**Task brief**
In the records below, find the line that contains "The image shows" and the line that contains "Black dress w/green geometric patterns", then retype exactly those two lines and every line between them.

**Records provided**
□ □ □ □
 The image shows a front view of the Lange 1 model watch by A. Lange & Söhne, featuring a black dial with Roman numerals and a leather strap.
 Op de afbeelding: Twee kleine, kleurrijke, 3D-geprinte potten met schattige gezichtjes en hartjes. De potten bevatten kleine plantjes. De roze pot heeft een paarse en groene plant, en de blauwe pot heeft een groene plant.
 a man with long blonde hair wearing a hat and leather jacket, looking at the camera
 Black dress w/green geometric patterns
□ □ □ □
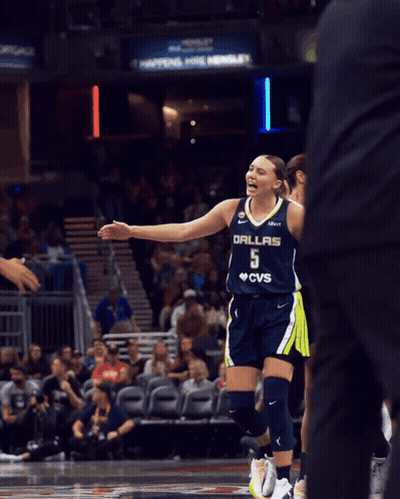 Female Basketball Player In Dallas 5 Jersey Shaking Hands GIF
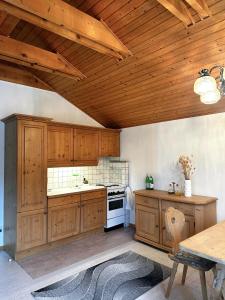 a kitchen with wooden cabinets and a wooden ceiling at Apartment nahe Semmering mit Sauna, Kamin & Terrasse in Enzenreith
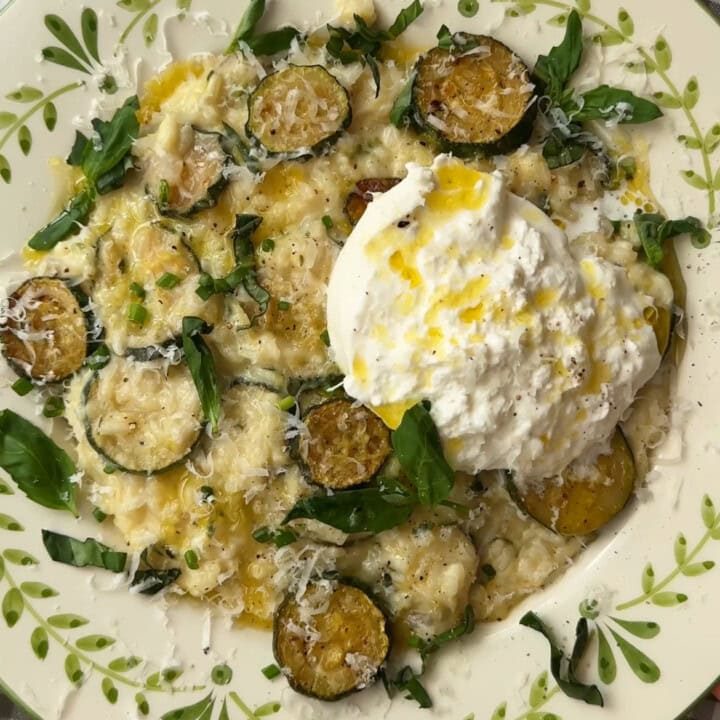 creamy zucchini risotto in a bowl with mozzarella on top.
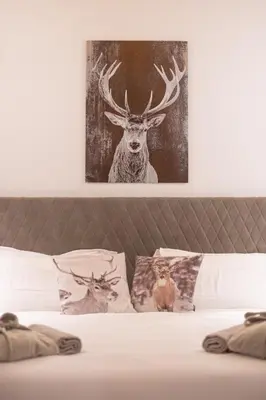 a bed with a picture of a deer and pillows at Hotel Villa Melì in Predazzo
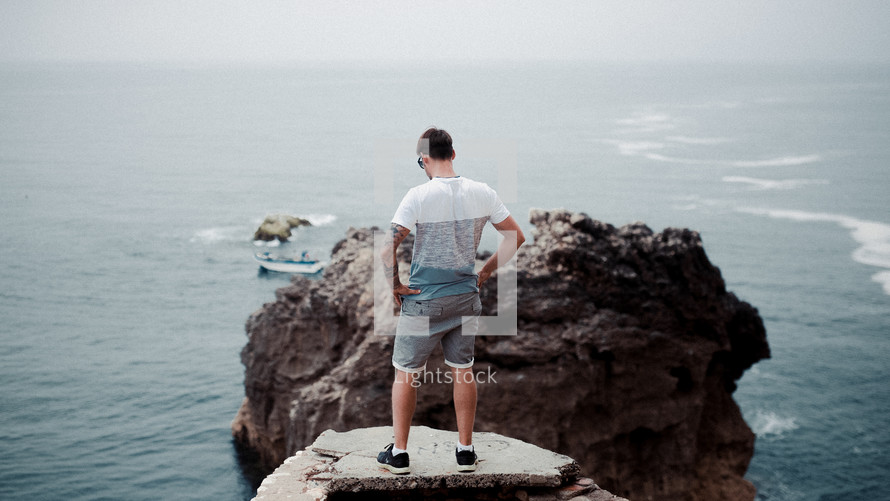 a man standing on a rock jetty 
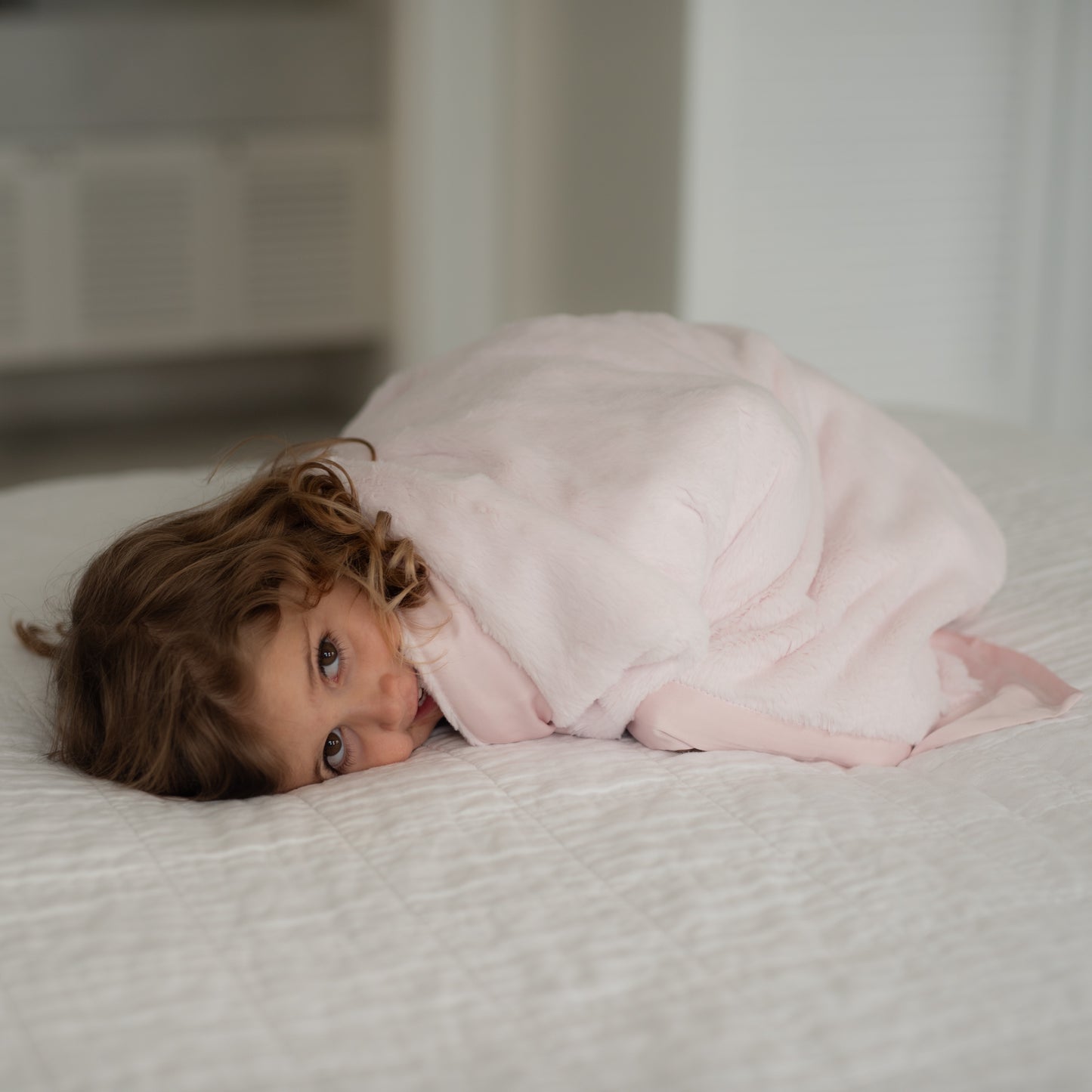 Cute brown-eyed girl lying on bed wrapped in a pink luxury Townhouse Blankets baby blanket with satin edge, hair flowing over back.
□ □ □ □
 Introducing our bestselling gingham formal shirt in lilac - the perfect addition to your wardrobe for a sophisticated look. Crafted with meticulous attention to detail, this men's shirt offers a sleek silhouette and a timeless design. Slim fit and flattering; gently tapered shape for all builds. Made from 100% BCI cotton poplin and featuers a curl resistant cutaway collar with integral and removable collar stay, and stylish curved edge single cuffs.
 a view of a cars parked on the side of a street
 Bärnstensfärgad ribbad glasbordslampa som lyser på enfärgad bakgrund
□ □ □ □
**Exercise answer**
 The image shows a front view of the Lange 1 model watch by A. Lange & Söhne, featuring a black dial with Roman numerals and a leather strap.
 Op de afbeelding: Twee kleine, kleurrijke, 3D-geprinte potten met schattige gezichtjes en hartjes. De potten bevatten kleine plantjes. De roze pot heeft een paarse en groene plant, en de blauwe pot heeft een groene plant.
 a man with long blonde hair wearing a hat and leather jacket, looking at the camera
 Black dress w/green geometric patterns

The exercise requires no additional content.